[Bugfix] Disable RoutingMethodType.[Renormalize,RenormalizeNaive] TRTLLM per-tensor FP8 MoE (#33620)

Signed-off-by: mgoin <mgoin64@gmail.com> (cherry picked from commit e346e2d056) Signed-off-by: Robert Shaw <rshaw@neuralmagic.com>
2026-02-03 05:37:15 -05:00
parent e4bf6ed90d
commit daa2784bb9
1 changed files with 8 additions and 3 deletions
--- a/vllm/model_executor/layers/fused_moe/flashinfer_trtllm_moe.py
+++ b/vllm/model_executor/layers/fused_moe/flashinfer_trtllm_moe.py
@@ -69,9 +69,14 @@ def _supports_routing_method(
            RoutingMethodType.RenormalizeNaive,
        ]
    elif (weight_key, activation_key) == (kFp8StaticTensorSym, kFp8StaticTensorSym):
-        # NOTE(rob): kernel requires Llama4.

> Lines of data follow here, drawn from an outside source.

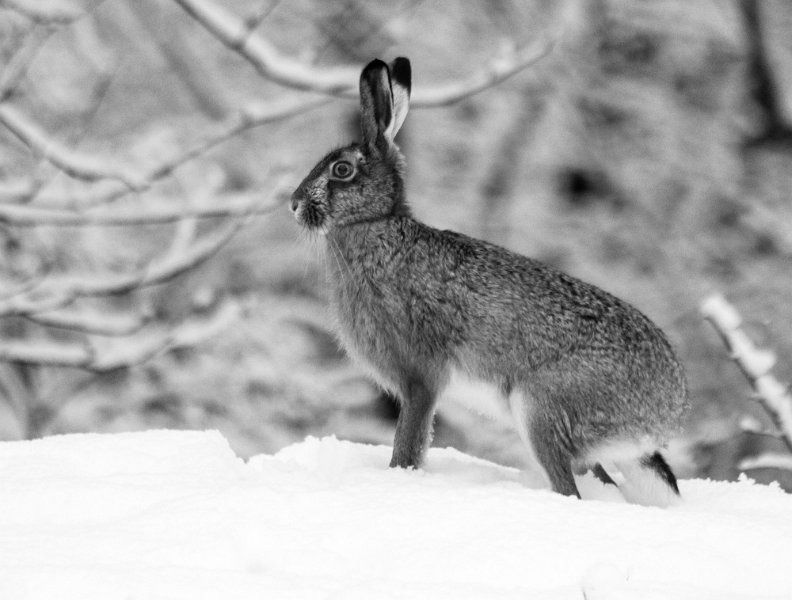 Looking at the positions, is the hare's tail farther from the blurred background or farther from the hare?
the blurred background

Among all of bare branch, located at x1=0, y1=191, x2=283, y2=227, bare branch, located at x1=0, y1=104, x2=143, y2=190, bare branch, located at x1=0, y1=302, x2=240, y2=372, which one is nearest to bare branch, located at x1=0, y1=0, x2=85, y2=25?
bare branch, located at x1=0, y1=104, x2=143, y2=190

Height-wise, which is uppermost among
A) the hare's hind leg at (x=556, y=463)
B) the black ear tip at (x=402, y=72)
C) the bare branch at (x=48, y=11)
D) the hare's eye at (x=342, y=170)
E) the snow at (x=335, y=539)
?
the bare branch at (x=48, y=11)

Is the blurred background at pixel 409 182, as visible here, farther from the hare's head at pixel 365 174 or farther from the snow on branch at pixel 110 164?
the hare's head at pixel 365 174

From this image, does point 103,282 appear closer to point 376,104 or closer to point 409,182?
point 409,182

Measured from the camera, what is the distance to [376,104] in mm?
3930

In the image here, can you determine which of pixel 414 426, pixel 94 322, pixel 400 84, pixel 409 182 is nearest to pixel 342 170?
pixel 400 84

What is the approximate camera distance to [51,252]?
6516 millimetres

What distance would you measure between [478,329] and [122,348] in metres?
2.74

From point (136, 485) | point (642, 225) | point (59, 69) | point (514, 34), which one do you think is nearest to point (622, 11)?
point (514, 34)

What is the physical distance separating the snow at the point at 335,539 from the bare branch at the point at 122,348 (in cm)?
239

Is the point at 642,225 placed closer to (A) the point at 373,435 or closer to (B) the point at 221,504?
(A) the point at 373,435

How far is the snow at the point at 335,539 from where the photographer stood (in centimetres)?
242

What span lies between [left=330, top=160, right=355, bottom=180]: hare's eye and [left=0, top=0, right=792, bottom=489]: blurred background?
6.38ft

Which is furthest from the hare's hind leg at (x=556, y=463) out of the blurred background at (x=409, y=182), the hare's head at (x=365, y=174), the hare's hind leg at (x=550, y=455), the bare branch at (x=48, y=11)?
the bare branch at (x=48, y=11) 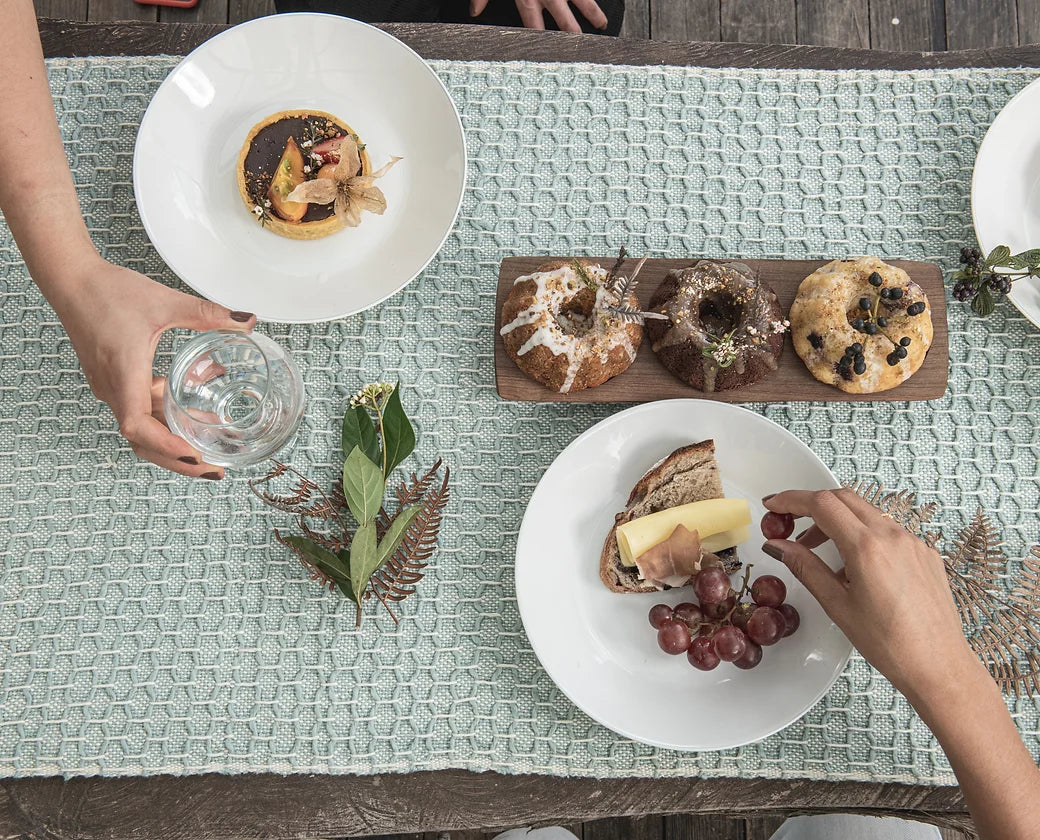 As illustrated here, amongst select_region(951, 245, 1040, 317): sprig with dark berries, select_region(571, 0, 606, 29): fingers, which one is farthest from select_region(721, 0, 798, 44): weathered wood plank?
select_region(951, 245, 1040, 317): sprig with dark berries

-        return routing_method == RoutingMethodType.Llama4
-
+        # NOTE(dbari): as above, potentially allow others here.
+        return routing_method in [
+            RoutingMethodType.Llama4,
+            # NOTE(mgoin): Disabled to investigate accuracy issues.
+            # See https://github.com/vllm-project/vllm/issues/33532
+            # RoutingMethodType.Renormalize,
+            # RoutingMethodType.RenormalizeNaive,
+        ]
    else:
        raise ValueError("Unsupported quantization scheme.")